0003: IAM Service Persistence Strategy
Date: 2025-08-03
Status: Accepted
Context
The iam-service requires a persistence mechanism to store tenant, user, and role data. Other services in the Citadel platform, such as book_keeper, are designed with an event sourcing pattern. The question has been raised whether the iam-service should follow the same pattern for consistency, or if a different approach is more suitable for its specific domain.
Decision
We will implement the iam-service using a traditional, state-oriented persistence model. The current state of aggregates (like Tenant and User) will be stored directly in a relational database (PostgreSQL) using an ORM (GORM). We will explicitly not use event sourcing for this service.
Consequences
Positive:
- High Read Performance: Core authorization and authentication queries (e.g., "Is this user active?", "What are this user's roles?") will be extremely fast, as they involve direct lookups on indexed tables representing the current state. This is a critical requirement for a low-latency IAM system.

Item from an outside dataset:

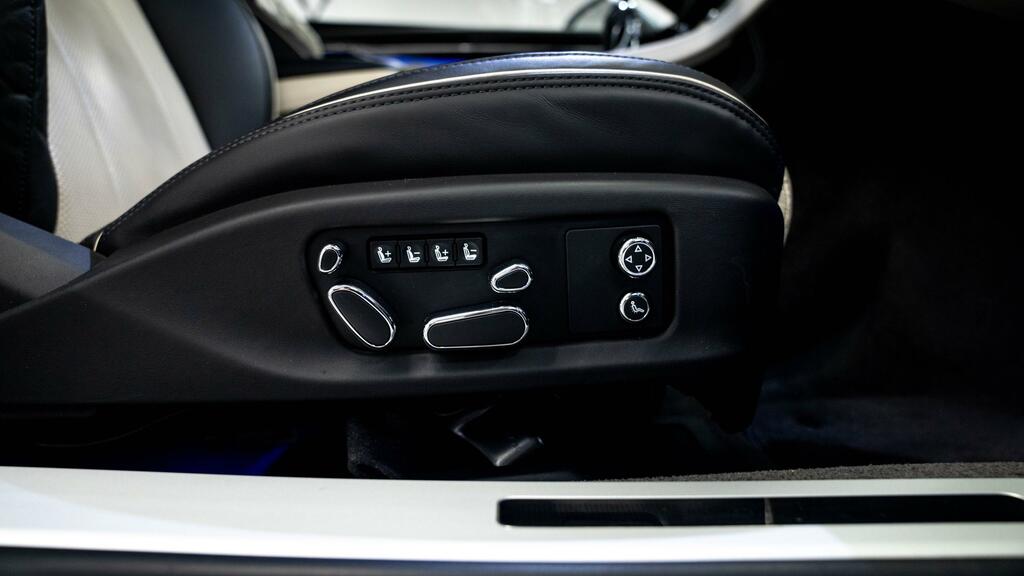 Bentley Continental Gt V8 Blue #33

- Simplicity and Familiarity: The state-oriented approach is a well-understood pattern, making the service easier to implement, debug, and maintain for the majority of developers.

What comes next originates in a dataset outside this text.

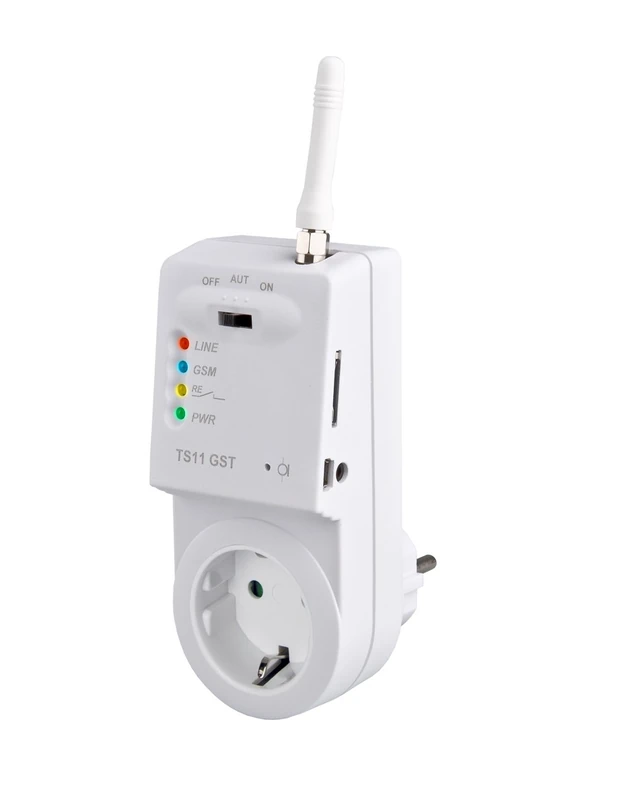 Elektrobock TS11 GST GSM Switched Socket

- Strong Consistency: Writes are immediately reflected in subsequent reads, which is the desired behavior for security-sensitive operations like changing a password or assigning a role.
Negative:
- Implicit Audit Trail: The system does not have a "perfect" immutable log of all state changes by default. This is mitigated by our decision to publish domain events (e.g.,
TenantCreated,UserRolesAssigned) for any state change, which can be consumed by a separate audit or logging service.
Rationale
The primary responsibility of the iam-service is to answer the question, "What is the state right now?" This is fundamentally different from a service like book_keeper, whose primary responsibility is to answer, "What happened over time?".
For an IAM service, read performance and strong consistency for the current state are more important than the ability to replay history to reconstruct state. The chosen approach optimizes for the core use case (fast authentication and authorization checks) while still enabling a robust audit trail through the use of domain events. This aligns with choosing the best tool for the job for each service's specific domain.